After the fall of Plato's Academy, a period of Platonic thought we retroactively call Middle Platonism began. This lasted until Plotinus, who almost singlehandedly started a new wave of Platonic thought, which we retroactively call Neoplatonism.

Plotinus, a student of the mysterious Ammonius Saccas, built upon the works of Middle Platonism to redefine Platonism. Most inspired by Plato's Timaeus and Parmenides, he build a metaphysical system that influenced almost all Platonists after him.

The One

For Plotinus, the First Principle of reality is the One. An utterly simple, ineffable, beyond being and non-being, unknowable subsistence which is both the creative source of the Universe and the teleological end of all existing things.

All things «emanate» from the One. Emanation, according to Plotinus, is akin to a ray radiating from a source of light, heat spreading from fire, cold emanating from snow or a smell rising from a fragrant substance. The One is like a spring from which eternal water gushes.

The One remains in itself, in its perfection. Yet from this overflowing perfection something else emerges. The One overflows and its abundance gives rise to something other than itself. This procession finds its counterpart in a movement of return to the source and cause. According to Plotinus, the true cause is always the final one.

Given that this movement of return arises from a desire and sense of deficiency, the generated thing must somehow be aware of its separation and, in this respect, recognize itself as distinct from its source. At the moment of return, then, the generated thing produces its own interpretation of the generating cause. It is at this stage that a new order of reality is produced.

The Intellect

Out of the overflowing potential of the One comes something, which becomes the Intellect. The One, however, does not generate the Intellect directly. The One gives birth to something undifferentiated, which is therefore not yet the Intellect, but will become so, not out of virtue, but because it constitutes itself as the Intellect through a movement of return to its own origin.

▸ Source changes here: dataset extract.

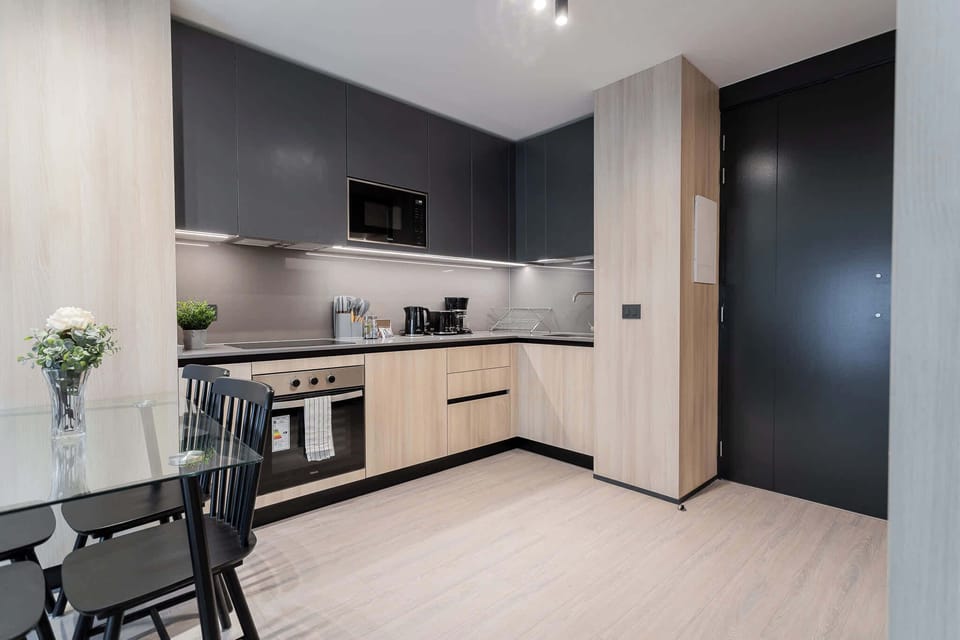 Experience modern living in this sleek kitchen, featuring high-end appliances and a chic dining area perfect for meals and gatherings.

The Intellect fragments the original simplicity into the multiplicity of Forms. This means that the multiplicity of Forms that constitute the Intellect — and which forms the model for physical reality — is not something inherent in the One, but something that is produced by the act of the Intellect to return to its source.

The Soul

In relation to the Intellect, the hypostasis of the Soul represents a further increase in multiplicity and dispersion. As something intelligible, the Soul remains immaterial, unextended and free from spatial conditioning. However, its activity unfolds in the world of matter.

The Soul therefore forms the link between the intelligible realm of Forms and the sensible world. It represents the intelligible plane responsible for the sensible world and ensures the unity of all. Therefore, we should not think that the Soul is locked up in bodies, for it is the bodies that are locked up in the Soul.

The Sensible World

After the Soul comes the world of matter, the lowest point in the Plotinian system. The physical universe, however, is still produced by the Soul. And its agency makes the universe something harmonious and partaker of a higher beauty. However imperfect, the physical universe is still an image of the divine realm.